Records to use ::
===
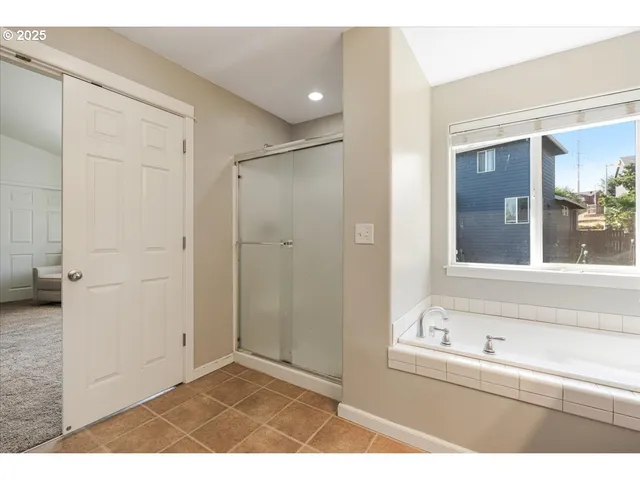 $575,000 | 393 Stellers Eagle Street Northwest, Salem, OR 97304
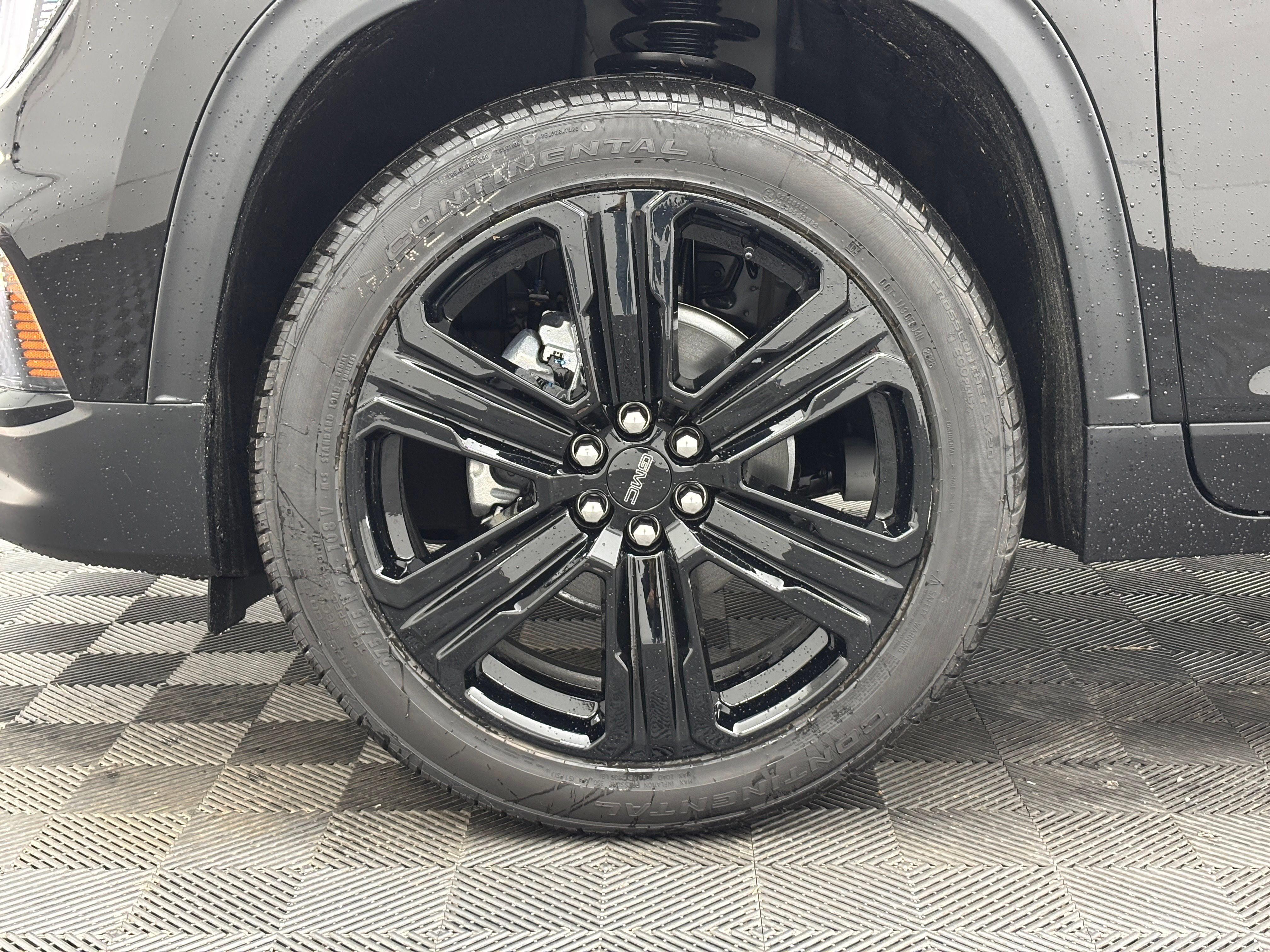 New 2027 GMC Acadia Elevation w/ Black Edition AWD/4WD image 16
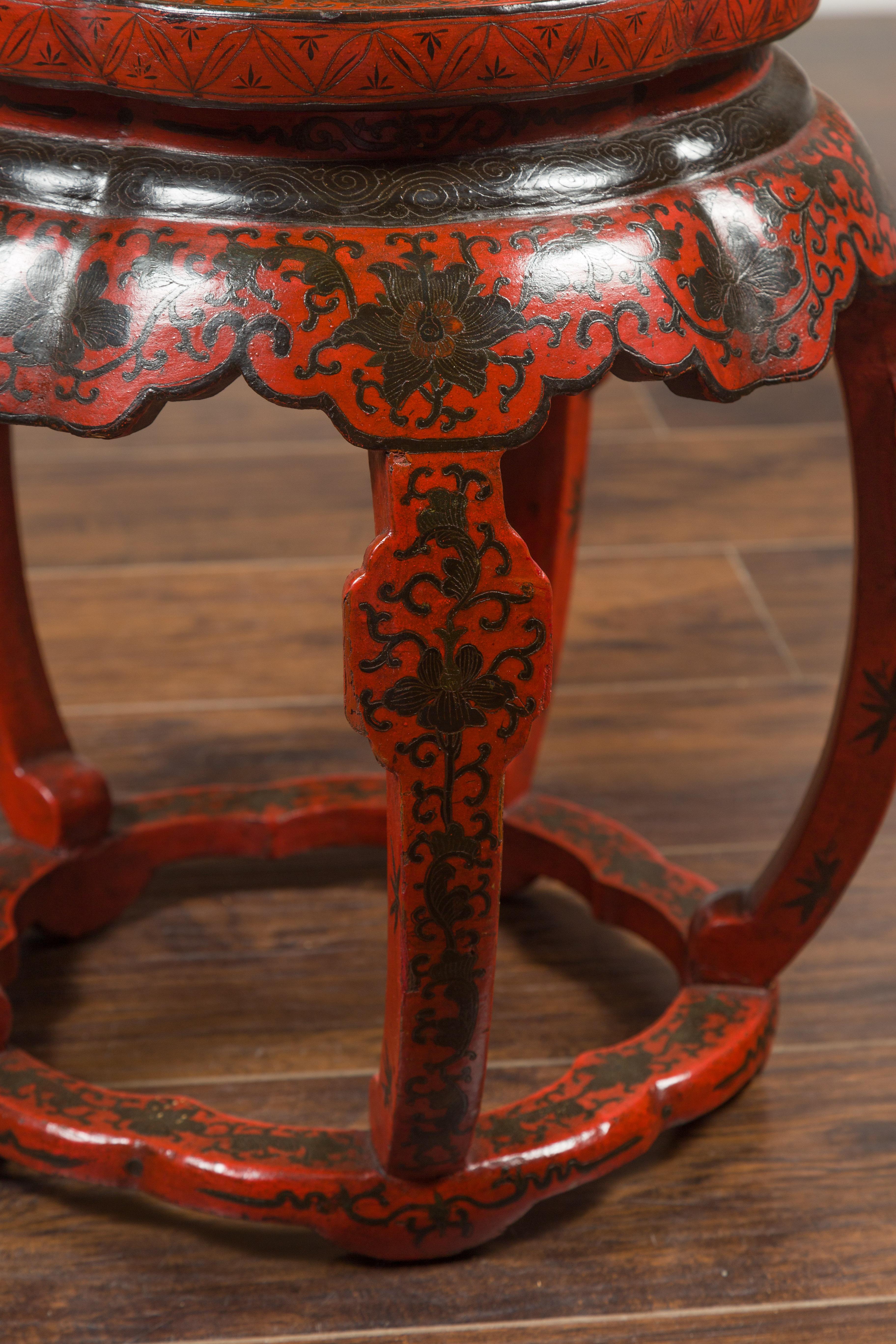 Chinese Ming Dynasty Style 1920s Red and Black Lacquered Drum Stool or Table For Sale 4
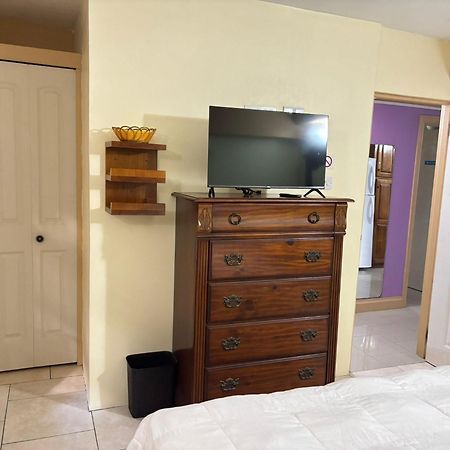 Matthew'S Miracle View Bed & Breakfast Roseau Exterior photo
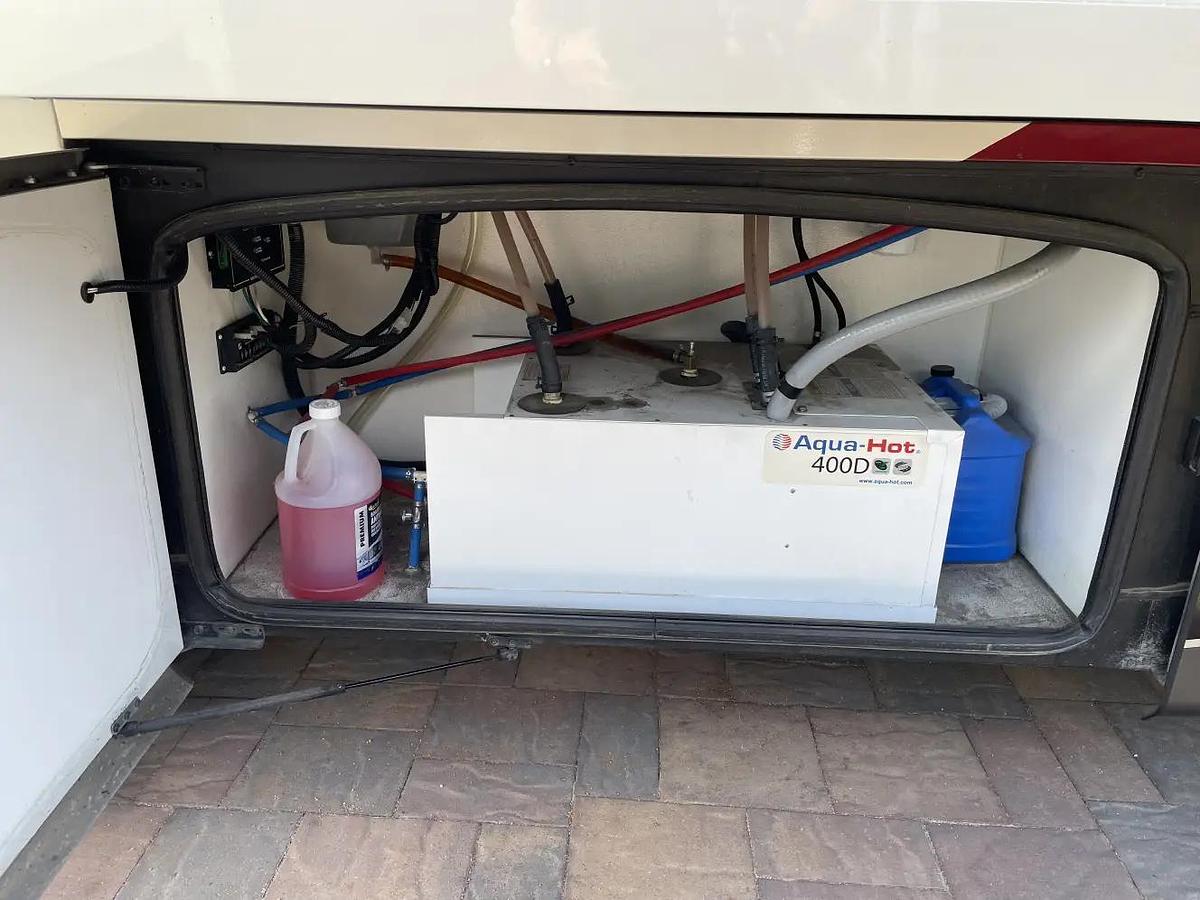 Used 2019 Thor Motor Coach TUSCANY 45MX Class A Motorhome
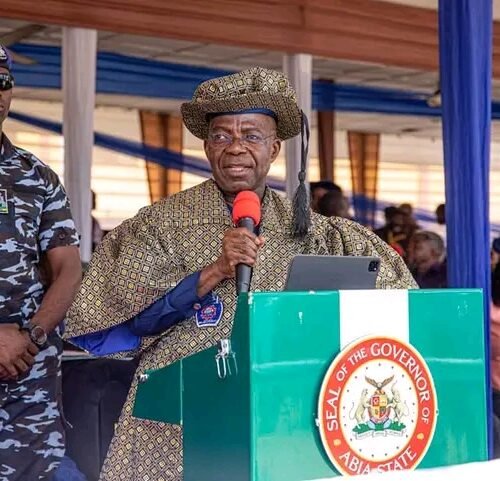 Gov. Otti Vows To Transform Education Institutions, Gives Grants to The 250 Best Graduands Of Dr. Ogbonnaya Onu Polytechnic, Aba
===
Task requirements ::
Up to and including the line with "Chinese Ming Dynasty", copy the data above from its first line. Skip pictures.

Exercise response ::
 $575,000 | 393 Stellers Eagle Street Northwest, Salem, OR 97304
 New 2027 GMC Acadia Elevation w/ Black Edition AWD/4WD image 16
 Chinese Ming Dynasty Style 1920s Red and Black Lacquered Drum Stool or Table For Sale 4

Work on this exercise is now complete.